== Data ==

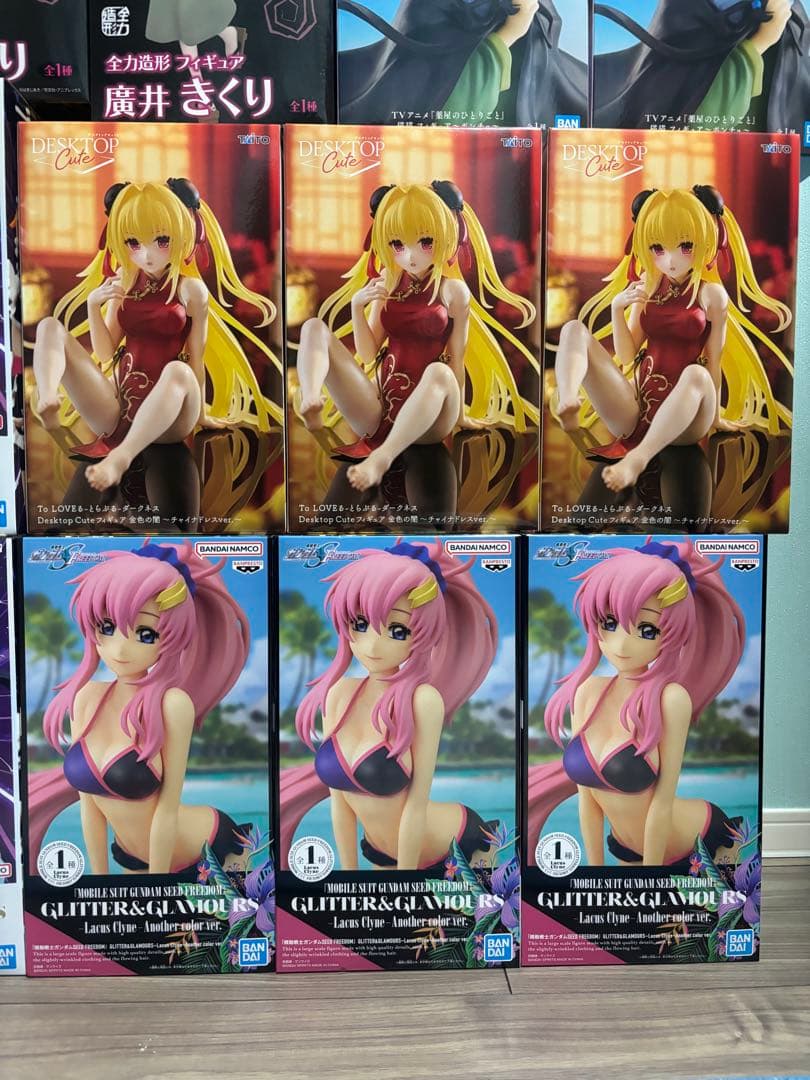 美少女プライズフィギュア21点まとめ売り 未開封セット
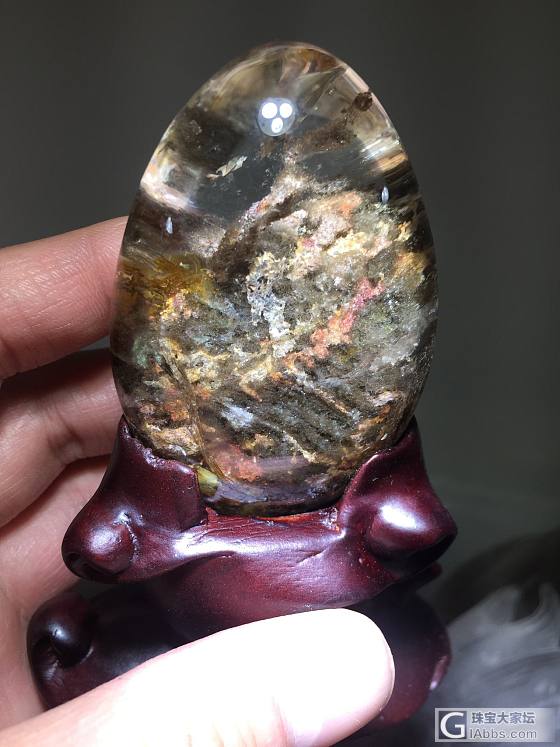 水晶原石小摆件，大家伙看看给起个名字吧_原石水晶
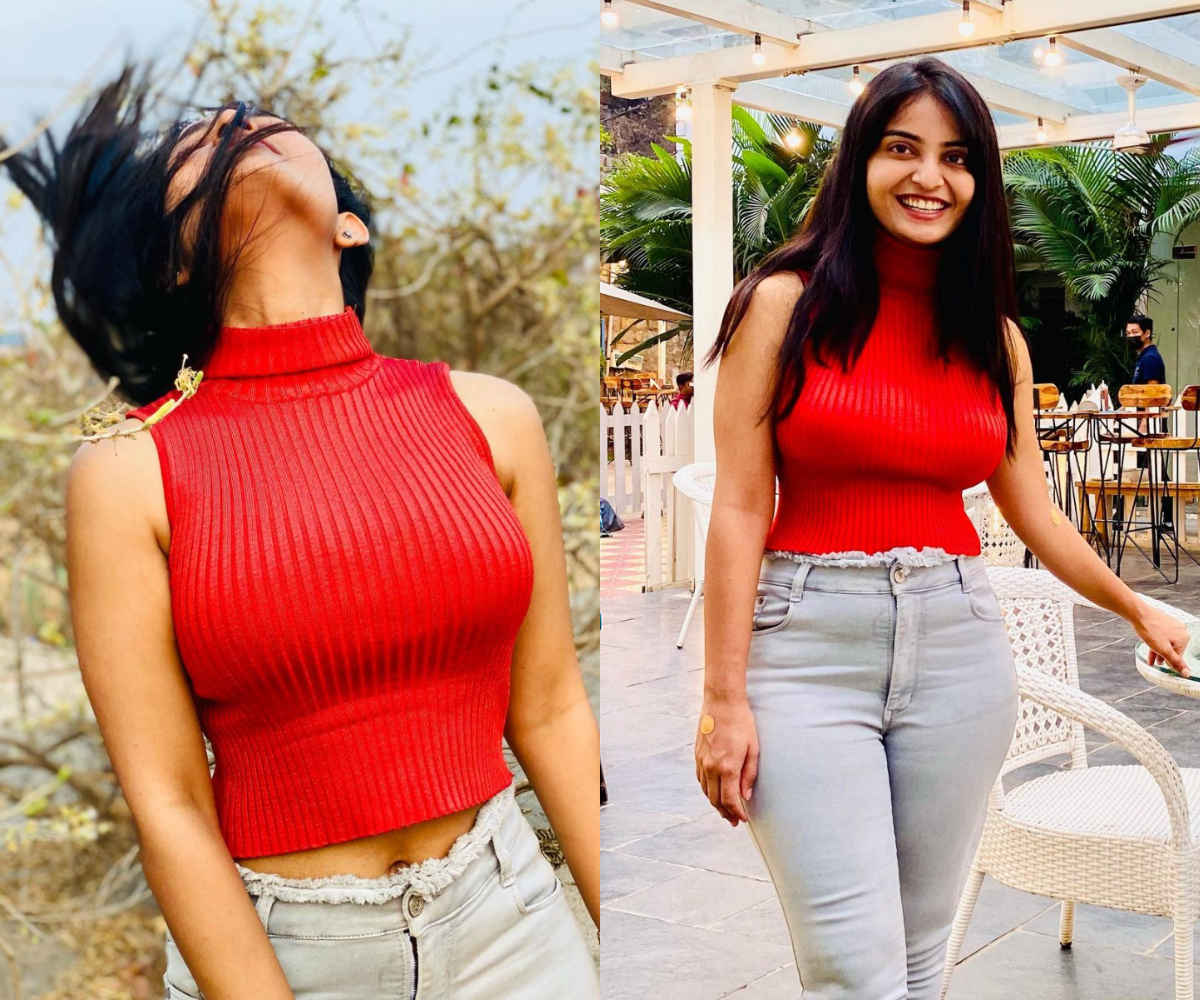 Ananya Nagalla | అదిరే అందాలతో కవ్విస్తోన్న అనన్య నాగళ్ల‌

===

__Task to complete__. When repeating the material above, keep every line exact and drop all pictures.

__Task result__.
 美少女プライズフィギュア21点まとめ売り 未開封セット
 水晶原石小摆件，大家伙看看给起个名字吧_原石水晶
 Ananya Nagalla | అదిరే అందాలతో కవ్విస్తోన్న అనన్య నాగళ్ల‌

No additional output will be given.